Excavation work at the site of the 43-storey UBC Okanagan building going up on Doyle Avenue has damaged some nearby buildings, forcing the closure of the Legion Hall on Bertram Street and the Okanagan coLab at the corner of St. Paul and Doyle.
As a result of the unintended consequences of digging the deepest hole the city has seen for the building's parkade, UBC has now changed its plans.
“The big challenge has been the parkade, there's no question about that,” said Rob Einarson, UBC Okanagan's Associate Vice-President of Finance & Operations, during the UBC Okanagan senate meeting on Thursday.
“We've been working as hard as we can to try and minimize that. There is a new strategy that the city is accepting that will allow us to modify our parking strategy.”
During the meeting, one UBC Okanagan professor referred to the project as the “downtown disaster,” but Einarson said he'd “stop short of calling it a disaster.”
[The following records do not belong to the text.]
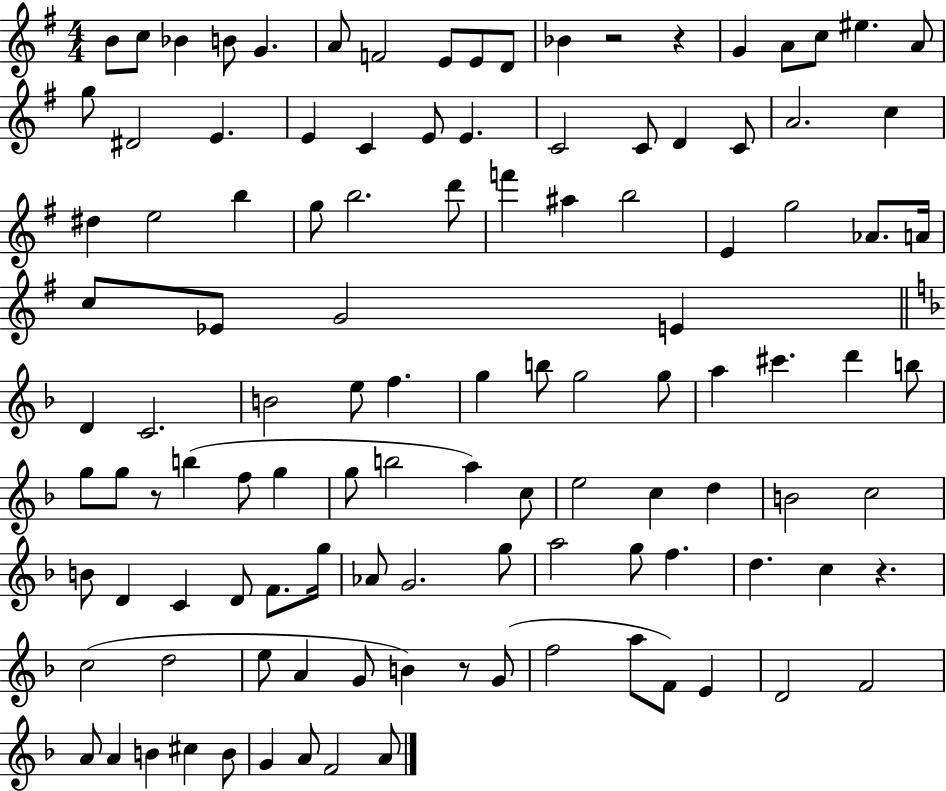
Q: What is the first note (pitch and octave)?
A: B4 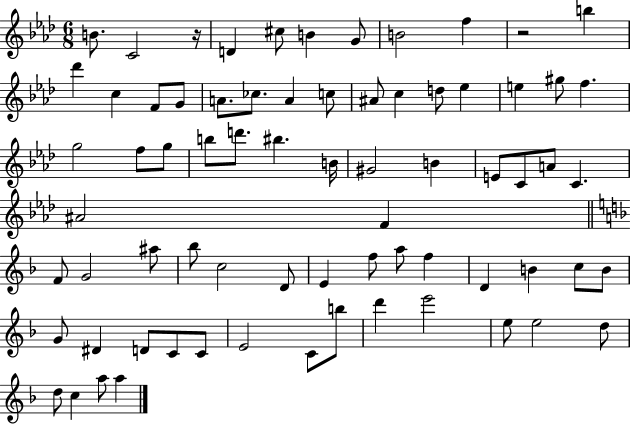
B4/e. C4/h R/s D4/q C#5/e B4/q G4/e B4/h F5/q R/h B5/q Db6/q C5/q F4/e G4/e A4/e. CES5/e. A4/q C5/e A#4/e C5/q D5/e Eb5/q E5/q G#5/e F5/q. G5/h F5/e G5/e B5/e D6/e. BIS5/q. B4/s G#4/h B4/q E4/e C4/e A4/e C4/q. A#4/h F4/q F4/e G4/h A#5/e Bb5/e C5/h D4/e E4/q F5/e A5/e F5/q D4/q B4/q C5/e B4/e G4/e D#4/q D4/e C4/e C4/e E4/h C4/e B5/e D6/q E6/h E5/e E5/h D5/e D5/e C5/q A5/e A5/q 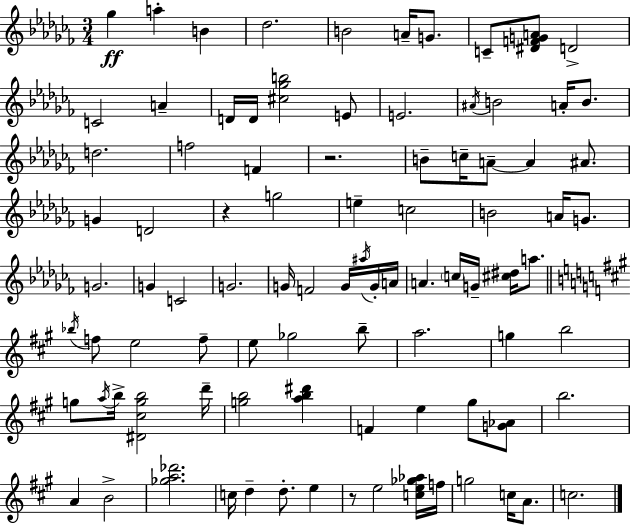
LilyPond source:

{
  \clef treble
  \numericTimeSignature
  \time 3/4
  \key aes \minor
  ges''4\ff a''4-. b'4 | des''2. | b'2 a'16-- g'8. | c'8-- <dis' f' g' a'>8 d'2-> | \break c'2 a'4-- | d'16 d'16 <cis'' ges'' b''>2 e'8 | e'2. | \acciaccatura { ais'16 } b'2 a'16-. b'8. | \break d''2. | f''2 f'4 | r2. | b'8-- c''16-- a'8--~~ a'4 ais'8. | \break g'4 d'2 | r4 g''2 | e''4-- c''2 | b'2 a'16 g'8. | \break g'2. | g'4 c'2 | g'2. | g'16 f'2 g'16 \acciaccatura { ais''16 } | \break g'16-. a'16 a'4. \parenthesize c''16 g'16-- <cis'' dis''>16 a''8. | \bar "||" \break \key a \major \acciaccatura { bes''16 } f''8 e''2 f''8-- | e''8 ges''2 b''8-- | a''2. | g''4 b''2 | \break g''8 \acciaccatura { a''16 } b''16-> <dis' cis'' g'' b''>2 | d'''16-- <g'' b''>2 <a'' b'' dis'''>4 | f'4 e''4 gis''8 | <g' aes'>8 b''2. | \break a'4 b'2-> | <ges'' a'' des'''>2. | c''16 d''4-- d''8.-. e''4 | r8 e''2 | \break <c'' e'' ges'' aes''>16 f''16 g''2 c''16 a'8. | c''2. | \bar "|."
} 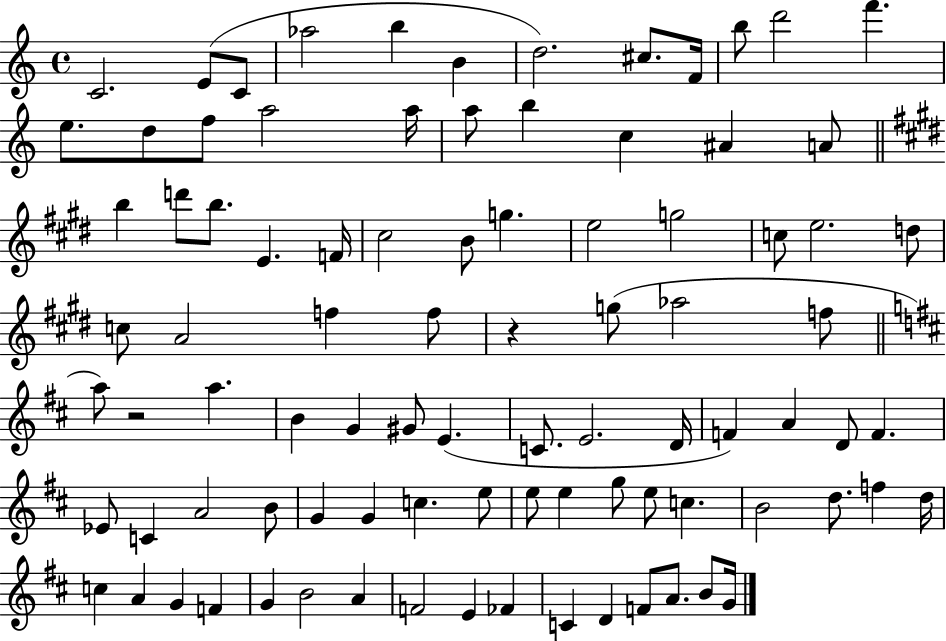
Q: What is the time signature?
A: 4/4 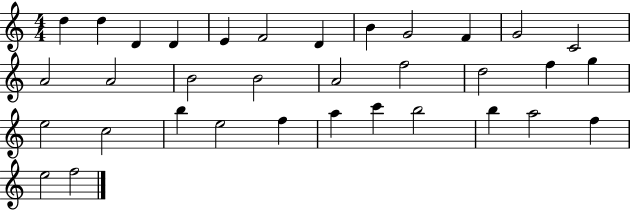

City of Kelowna Director of Planning and Development Ryan Smith says UBC stopped excavation at the site “based on the advice from their engineers,” despite initial plans to go deeper.
“Obviously some of the settlement issues they were seeing probably triggered that recommendation and UBC wants to make sure none of the properties are further impacted and they don't take unnecessary risks,” Smith said.
“We're working on what that means for parking and those types of things ... We're trying to vet the idea and make sure if the city has any conditions or requirements on the idea, that those get reviewed, and see if our counsel needs to be involved at all in the approval of that, or if that gets done at the staff level.”
Smith says a decision on what the change of plans will look like will be coming in the next couple of weeks.
Einarson told the UBC Okanagan Senate meeting that the changes are not expected to impact the timeline of the project. It's expected to open in the fall of 2027.
He added that the construction project is covered by insurance and that any potential financial consequences of the damage caused to other buildings will not be felt by UBC Okanagan.
“We're hopeful that that is not significant but if there were, that's what the building insurance is available for and it would have no impact on UBC,” Einarson said.